Indeed, on one hand PDM works great, but on the other hand we wouldn't want to choose a package manager which might not be maintained anymore after a few years because there are just not many users of it.


I feel for me, at least one nice thing about poetry over uv is, that if I have an issue or feature extension, I can just write my own plugin in pure Python. With uv, I'd need to learn Rust in addition to python/c/c++/etc.

I wonder what it would take to get poetry on par with uv for those who are already switching to it? Poetry is definitely very slow downloading multiple versions of packages to determine dependencies (not sure how uv works around this?). Does uv have a better dependency checker algorithm?



> I wonder what it would take to get poetry on par with uv

Different laws of physics, to start with.



For the uninitiated what is the benefit of UV over pip?

I've been working with pip for so long now that I barely notice it unless something goes very wrong.



- uv is aware of your dependencies, you can add/remove development dependencies, create group of development dependencies (test, lint, dev, etc) and add or remove those and only those at will. You can add dependencies and optional dependencies for a project as well, think my_app[cli,standard]. You don't need to have different requirements.txt for each case nor do you need to remove things by hand as you'd do in pip, since it doesn't remove deps when you remove a package for example. As a result, you can remove {conda,poetry,...} from your workflows.

- uv can install python and a virtualenv for you. Any command you run with `uv run` from the root of a repo will be aware of its environment, you don't even need to activate a virtualenv anymore. This replaces {pyenv, pyenv-virtualenv, virtualenvwrapper,...}.

- uv follows the PEPs for project config (dependencies, optional dependencies, tool configs) in the pyproject.toml so in case uv dies, it's possible to migrate away for the features are defined in the PEPs. Which is not the case for say, poetry.

- uv has a lock file and it's possible to make deps platform specific (Windows, Linux, MacOS, etc). This is in compliance with a PEP but not supported by all tools.

- uv supports custom indexes for packages so you can prefer a certain index, for example your company package index or pytorch's own index (for ML work).

- very fast, makes local dev very seamless and is really helpful in CI/CD where you might just setup and tear down python envs a lot.

Also, the team is responsive on Github so it's easy to get help.



Does this also replace, or work well with tox? We currently use it to run basic CI/local workflows (`tox -e lint` for all linters, `tox -e py310`, `tox -e py312` to run tests suites on chosen interpreters' environments), and to set up a local environment with package installed in-place (so that we can run `myprogram -arg1 -arg2` as if it was installed via `pip`, but still have it be editable by directly editing the repo).

With how much the ecosystem is moving, I don't know whether the way we're doing it is unusual (Django and some other big projects still have a tox.ini), obsolete (I can't find how ux obsoletes this), or perfectly fine and I just can't find how to replace pip with ux for this use case.



I'm not personally releasing a ton of internal packages where I work but I know of https://github.com/tox-dev/tox-uv.
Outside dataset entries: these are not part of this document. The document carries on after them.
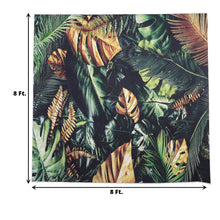 A picture of tropical Vinyl Forest Leaves with the measurements 8 ft and 8 ft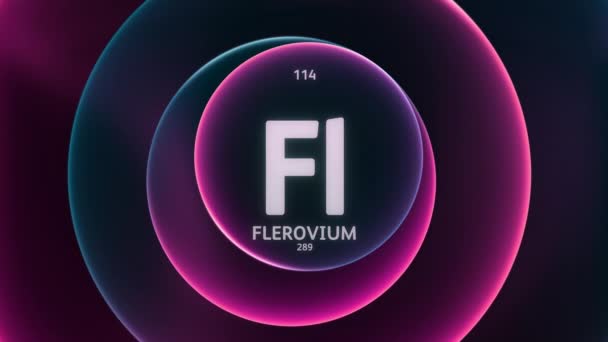 作为周期表的元素114的Flerovium 抽象紫色蓝色渐变环上的概念动画无缝回圈背景 科学内容和信息展示背景的标题设计 — 图库视频影像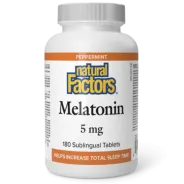 Natural Factors Melatonin 5 mg Peppermint, 180 Sublingual Tablets | Unbeatable Prices, Daily Deals | VITASHOP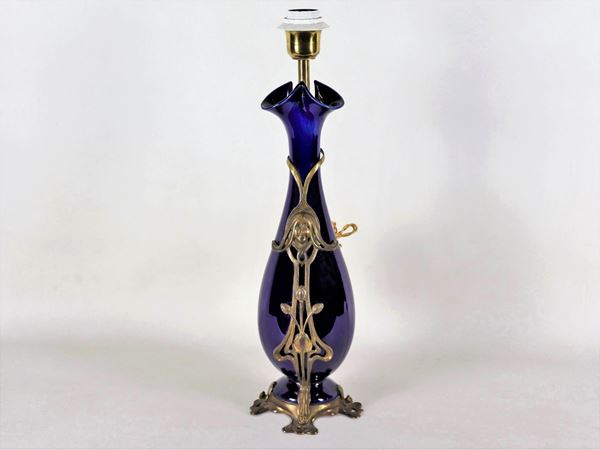 French Liberty lamp in cobalt blue porcelain with gilt bronze applications
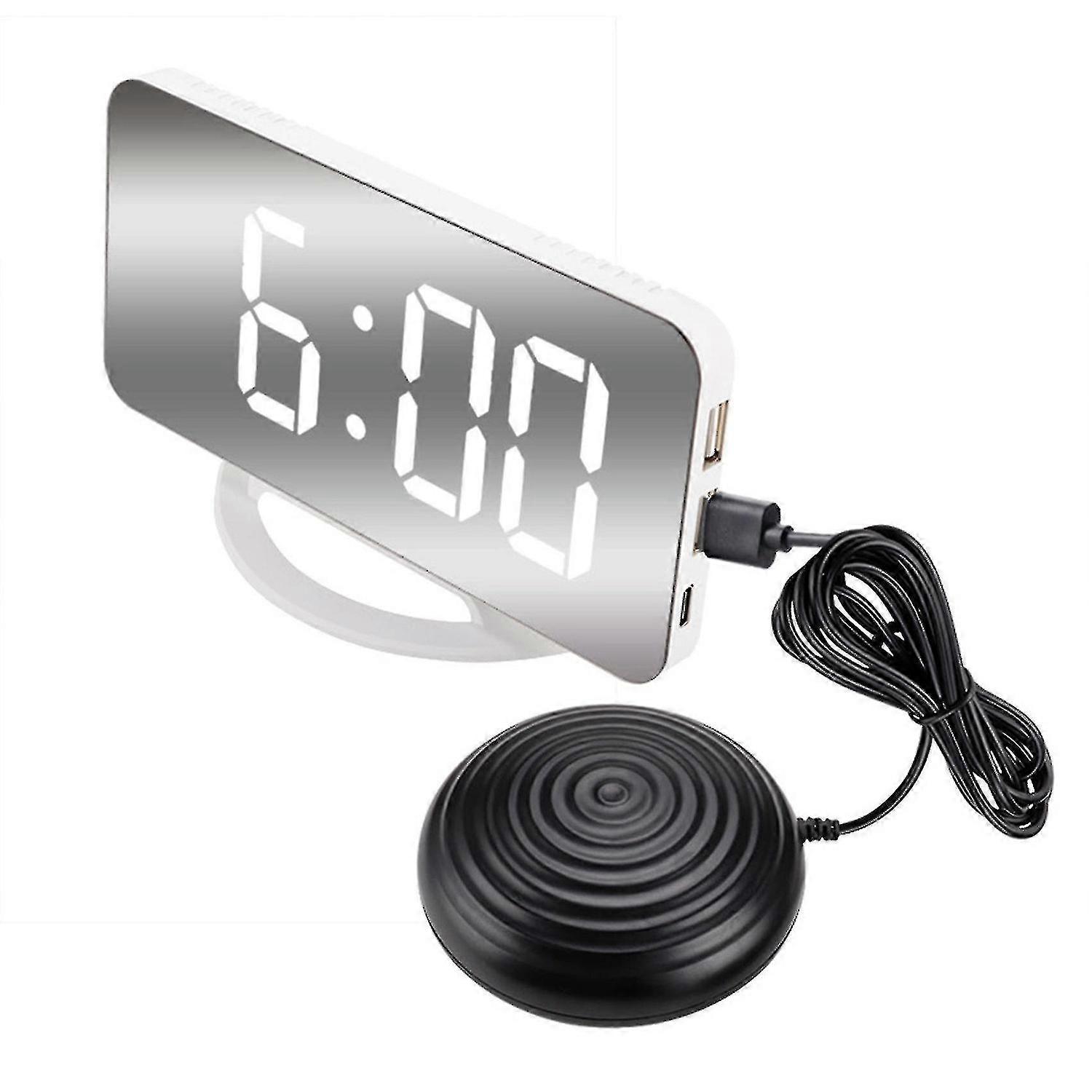 Loud Vibrating Alarm Clock For Heavy Sleepers Adults Deaf, Digital Mirrored Clock With Bed Shaker a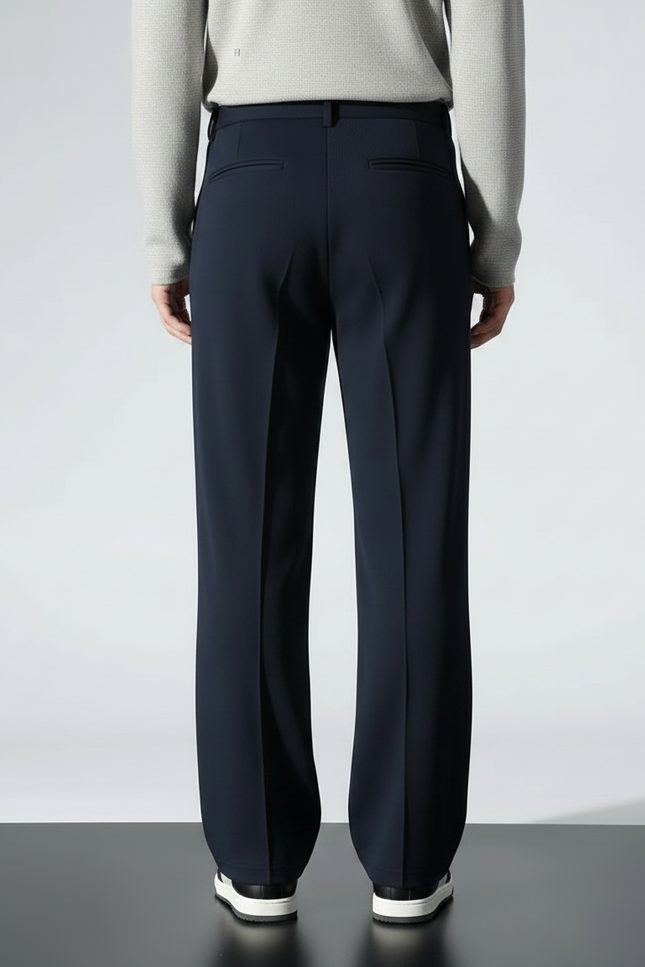 Pantalon Noir Homme Ample Droit Décontracté - Marine Polyester - vue 2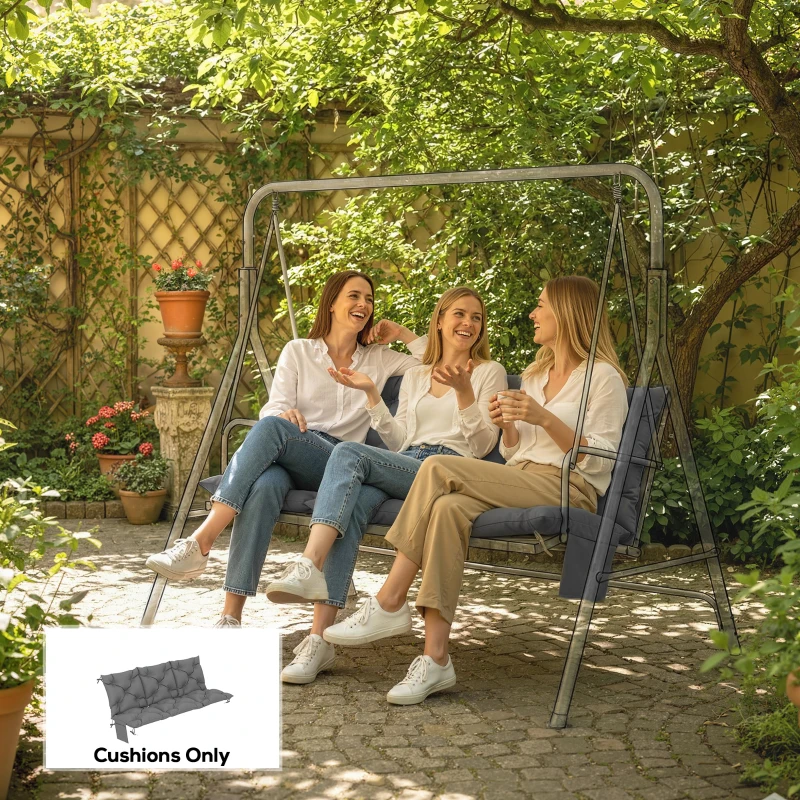 Outsunny Bankauflage 150x100x10 cm 3-Sitzer Bankkissen mit Bändern, Rückenlehne UPF30+ mit Seitentasche， dunkelgrau
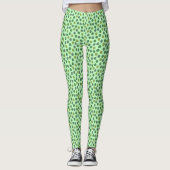 Trendy groene en Zee groene Polka Dot Pattern Leggings (Voorkant)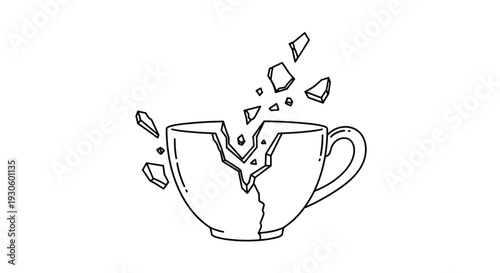 Simple black and white line art drawing of a teacup shattering into many small pieces, symbolizing fragility and being broken.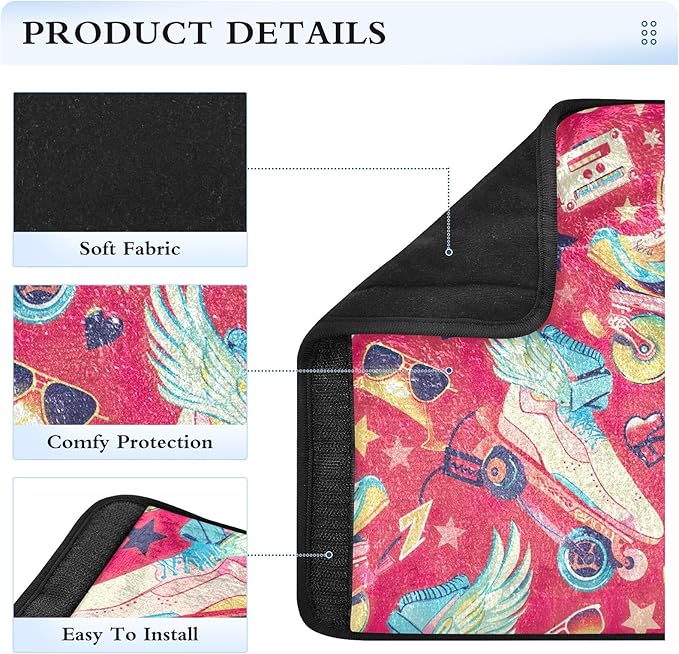 CHIFIGNO 2Pcs Playful Cartoon Roller Skates Red Seat Belt Cover Pad Universal Seatbelt Pad Shoulder Pad Auto Interior Accessories for Car Bag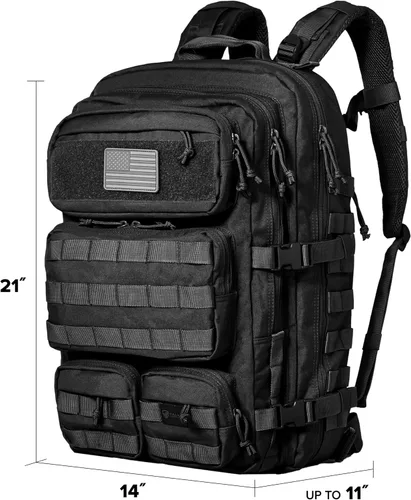 Vista 7 de Mochila Táctica Falko para Hombre y Mujer 50L Mochila 2.4 Veces Más Fuerte Mochila Militar Grande Tipo Molle, Mochila de Emergencia para Exteriores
Haven't tried it yet though but it seems to do what you want. I also saw that nox (tox but in python instead of a tox.ini file https://nox.thea.codes/en/stable/config.html), is supporting uv from what I understand.

I don't think there's a definite answer yet.



Not only it's faster, it also provides a lock file, `uvx tool_name` just like `npx`, and a comprehensive set of tools to manage your Python version, your venv and your project.

You don't need `pyenv`, `poetry` and `pipx` anymore, `uv` does all of that for you.



> over pip

It's a much more complete tool than pip. If you've used poetry, or (in other languages) cargo, bundler, maven, then it's like that (and faster than poetry).

If you haven't, in addition to installing dependencies it will manage and lock their versions (no requirements.txt, and much more robust), look after the environment (no venv step), hold your hand creating projects, and probably other things.

Edit to add: the one thing it won't do is replace conda et al, nor is it intended to.



It brings way more to the table than just being fast, like people are commenting. E.g. it manages Python for your projects, so if you say you want Python 3.12 in your project, and then you do 'uv run python my script.py', it will fetch and run the version of Python you specified, which pip can't do. It also creates lock files, so you know the exact set of Python package dependencies that worked, while you specify them more loosely. Plus a bunch of other stuff..


The whole explaination is here: https://www.bitecode.dev/p/a-year-of-uv-pros-cons-and-should

The td;rd is that is has a lot less modes of failure.



Faster.


Ok, and what's the advantage for the people who don't have "my pip is too slow" problem?




Wait times are in the order of tens of milliseconds instead of seconds. That makes a massive difference in how nice uv is to use vs pip.


That’s just the same “my pip is too slow” problem which some people don’t have.

I work in a place with 200 developers, and 99% of pip usage is in automated jobs that last an hour. Shaving a couple seconds off that will not provide any tangible benefit. However moving 200 people from a tool they know to one they don’t comes at a rather significant cost.



I can't stress how fast it is when using on resource constrained envs like a Pi Zero.

I intend to use system python there but previously poetry will simply crash the whole Pi while installing itself.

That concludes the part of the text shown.